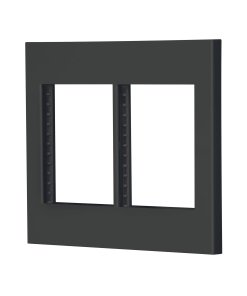 Placa 2 ventanas Volteck 6 módulos línea Española color negro - Tecnología de montaje ampliado para controles múltiples que combina capacidad máxima con estética mediterránea elegante (Clave 47999)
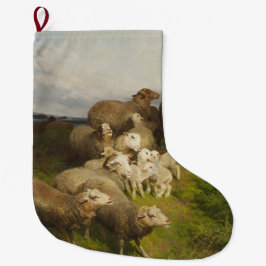 牧草地の羊(フリードリ威厳があるヒ・シェンク) ラージクリスマスストッキング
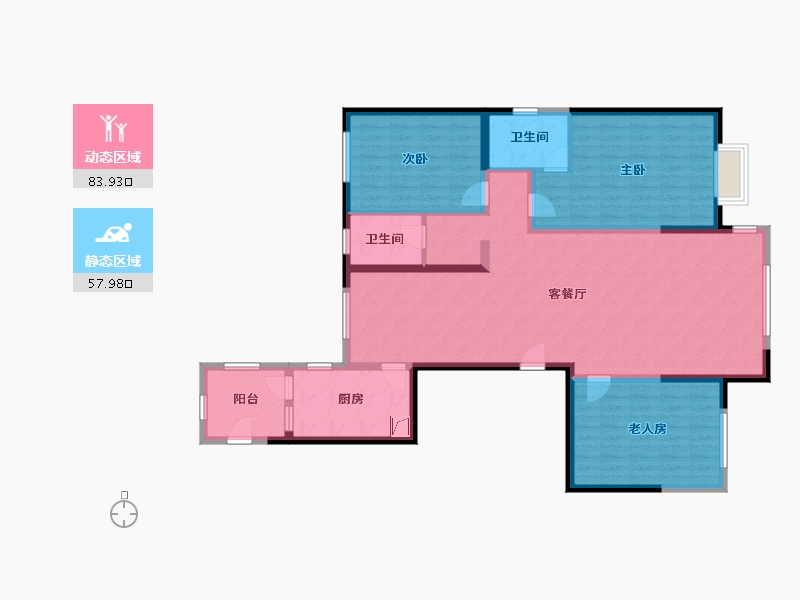 宁夏回族自治区-银川市-宁夏省银川市蓝景苑-128.00-户型库-动静分区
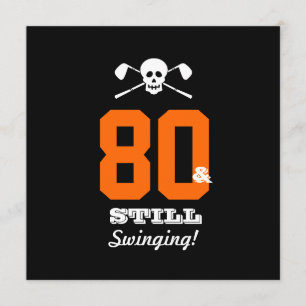 80th Birthday Party Golf - Still Swinging! Invitation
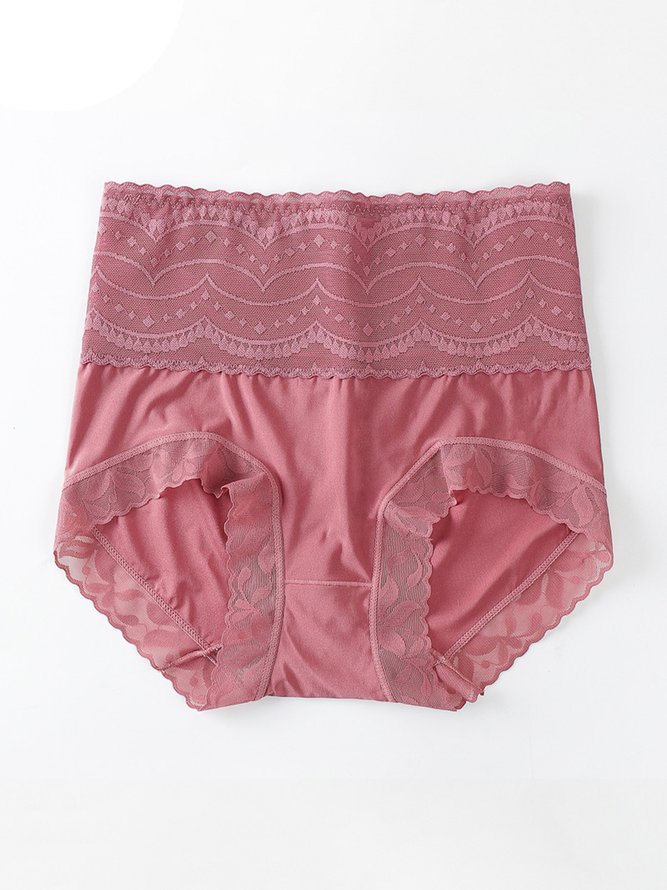 Breathable High Elastic Casual High Waist Lace Briefs Panty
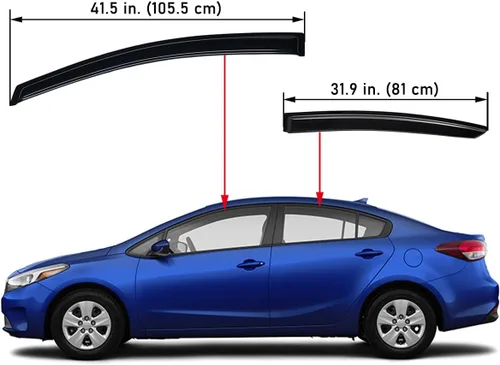Vista 2 de Lightronic Visera de ventana de ventilación automática de montaje exterior extraduradera, se adapta a Kia Forte Sedan 2014-2018 (excluye hatchback)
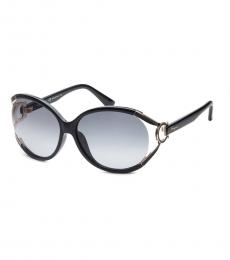 Ferragamo Black Oval Sunglasses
────
» WHAT THE TASK ASKS: This calls for each record above to be set down exactly, with the images skipped.

» TASK ANSWER:
 Placa 2 ventanas Volteck 6 módulos línea Española color negro - Tecnología de montaje ampliado para controles múltiples que combina capacidad máxima con estética mediterránea elegante (Clave 47999)
 牧草地の羊(フリードリ威厳があるヒ・シェンク) ラージクリスマスストッキング
 宁夏回族自治区-银川市-宁夏省银川市蓝景苑-128.00-户型库-动静分区
 80th Birthday Party Golf - Still Swinging! Invitation
 Breathable High Elastic Casual High Waist Lace Briefs Panty
Vista 2 de Lightronic Visera de ventana de ventilación automática de montaje exterior extraduradera, se adapta a Kia Forte Sedan 2014-2018 (excluye hatchback)
 Ferragamo Black Oval Sunglasses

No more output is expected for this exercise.